Quiet Start in Florida for New Health Reform Under the Affordable Care Act

It has only been a few days since Irene Jacusis' new health insurance under the Affordable Care Act took effect, but the secretary has already scheduled a surgery for Monday.

Jacusis, 50, is having a benign tumor removed from her uterus. She couldn't afford to meet the $5,000 deductible under her old insurance plan so she didn't have the surgery. Under her new silver plan, she has a $1,600 deductible and pays a monthly $150 premium. The government also kicks in $226 each month.

She's one of more than 18,000 Floridians who signed up for health insurance. The Jan. 1 start date brings the most personal test yet for President Barack Obama's health care overhaul as patients begin to seek care, shifting the burden for implementing the law to insurance companies and health care providers.

A surge in late applications trying to meet the Dec. 23 deadline, which was extended twice, has overloaded government agencies, creating stacks of yet-to-be-processed paperwork from people unsure about whether they have insurance. Health insurance companies complained they were receiving thousands of faulty applications from the government. That means early this year insured patients could go for a medication refill — or turn up in the emergency room — only to be told there is no record of their coverage.

"I'm getting daily phone calls from people who are a little nervous," said Orlando insurance agent Leslie Glogau.

She spent roughly seven hours on the phone with Humana this week trying to confirm that four of her clients' applications did go through. Their applications had been processed, but Glogau said she had 20 or 30 clients who enrolled in plans in the federal marketplace but are still waiting to get their information packets and ID cards from insurers.

"There are a lot of people on my books that aren't able to access anything. They're just waiting," she said.

Most of the patients in the exchanges are still waiting for ID cards, said Dr. Aaron Elkin, a Broward County obstetrician. But he said doctors and hospitals can still treat those patients because their offices can verify benefits with insurers directly.

"It's going to be more complicated, of course, because it takes more time, but we can see them," he said.

Major drug store chains such as CVS and Walgreens have announced they will help customers who face coverage glitches, even providing temporary supplies of medications without insisting on up-front payment.

In Florida, home to roughly 3.5 million uninsured residents, many experts predict the demand for doctor's appointments will be high as patients rush to schedule appointments that had been put off for years because they didn't have insurance or couldn't afford it.

Elkin, former president of Broward County Medical Association, said his office hasn't received any calls from newly insured patients yet.

"The truth is people don't really work that way," said Elkin, who predicted patient loads will increase gradually over the year. "Even if they do have insurance they wait and do things when it's convenient for them."

Dr. Alan Harmon, a Jacksonville gastroenterologist and president of the Florida Medical Association, said patient loads were also way down at his office this week, which is common in the first few days of the year.

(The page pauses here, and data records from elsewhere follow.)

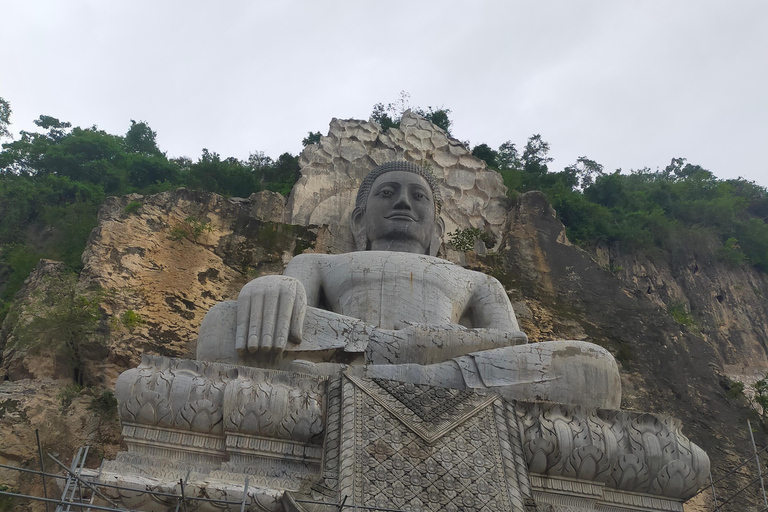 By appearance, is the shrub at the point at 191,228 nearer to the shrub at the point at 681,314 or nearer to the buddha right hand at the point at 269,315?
the buddha right hand at the point at 269,315

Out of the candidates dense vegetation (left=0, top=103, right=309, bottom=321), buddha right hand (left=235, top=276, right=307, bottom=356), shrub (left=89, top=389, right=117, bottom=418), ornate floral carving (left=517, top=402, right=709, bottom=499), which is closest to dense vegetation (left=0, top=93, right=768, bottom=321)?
dense vegetation (left=0, top=103, right=309, bottom=321)

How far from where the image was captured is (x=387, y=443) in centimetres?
483

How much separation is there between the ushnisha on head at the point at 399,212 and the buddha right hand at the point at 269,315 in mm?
2267

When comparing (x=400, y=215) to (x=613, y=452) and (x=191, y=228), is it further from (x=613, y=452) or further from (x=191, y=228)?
(x=613, y=452)

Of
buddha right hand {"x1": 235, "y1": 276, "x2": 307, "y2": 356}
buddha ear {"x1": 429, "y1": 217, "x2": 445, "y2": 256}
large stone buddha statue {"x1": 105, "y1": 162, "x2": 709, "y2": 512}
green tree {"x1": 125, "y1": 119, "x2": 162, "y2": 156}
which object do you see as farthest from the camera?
green tree {"x1": 125, "y1": 119, "x2": 162, "y2": 156}

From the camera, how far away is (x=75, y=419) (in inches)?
280

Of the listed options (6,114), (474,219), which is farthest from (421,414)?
(6,114)

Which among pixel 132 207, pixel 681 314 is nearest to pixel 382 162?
pixel 132 207

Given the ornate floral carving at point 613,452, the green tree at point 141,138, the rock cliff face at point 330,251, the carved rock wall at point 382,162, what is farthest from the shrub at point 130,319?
the green tree at point 141,138

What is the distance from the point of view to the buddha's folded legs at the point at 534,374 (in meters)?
5.60

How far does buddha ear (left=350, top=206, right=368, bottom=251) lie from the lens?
8.89m

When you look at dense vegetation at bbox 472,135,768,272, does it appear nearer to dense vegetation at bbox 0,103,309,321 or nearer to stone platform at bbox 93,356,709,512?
dense vegetation at bbox 0,103,309,321

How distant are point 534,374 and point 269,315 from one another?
77.6 inches

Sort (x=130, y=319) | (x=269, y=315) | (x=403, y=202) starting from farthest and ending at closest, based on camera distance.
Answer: (x=403, y=202)
(x=130, y=319)
(x=269, y=315) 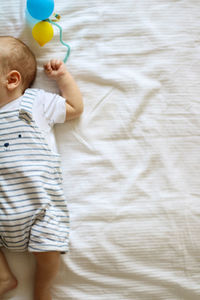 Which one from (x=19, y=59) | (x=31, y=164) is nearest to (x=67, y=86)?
(x=19, y=59)

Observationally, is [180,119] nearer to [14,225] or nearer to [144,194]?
[144,194]

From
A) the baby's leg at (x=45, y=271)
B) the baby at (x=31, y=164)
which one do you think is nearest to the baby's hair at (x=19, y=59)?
the baby at (x=31, y=164)

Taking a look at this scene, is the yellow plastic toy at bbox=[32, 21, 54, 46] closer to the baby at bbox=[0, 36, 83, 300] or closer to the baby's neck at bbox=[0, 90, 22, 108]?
the baby at bbox=[0, 36, 83, 300]

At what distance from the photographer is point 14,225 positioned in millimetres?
1002

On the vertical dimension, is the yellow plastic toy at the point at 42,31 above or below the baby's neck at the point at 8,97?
above

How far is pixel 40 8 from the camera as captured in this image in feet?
3.39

The health care law's troubled rollout has been an easy target for Republicans, who have criticized the website and seized on a public relations nightmare when existing policies were cancelled, prompting the president apologize for promising that people who liked their old plans could keep them.

The shaky start could provide more fodder for Florida Republicans this legislative session as Democrats try again to expand Medicaid coverage to roughly 1 million people.

Supporters point to Florida's high enrollment numbers in the federal exchange as a sign of pent up demand. The Sunshine State led the country in enrollment among the 36 states using the federal exchange with nearly 14,500 Floridians signing up in November.

Jacusis, a New Port Richey resident who has been without insurance for the bulk of eight years, said she's ecstatic about her new plan. She didn't mind waiting more than 45 minutes on the phone with her insurer Friday to get her ID number.

"It's peace of mind knowing that as healthy as I am, because there are silent killers out there, that I can go to the doctor for these annual checkups and for the slightest symptom."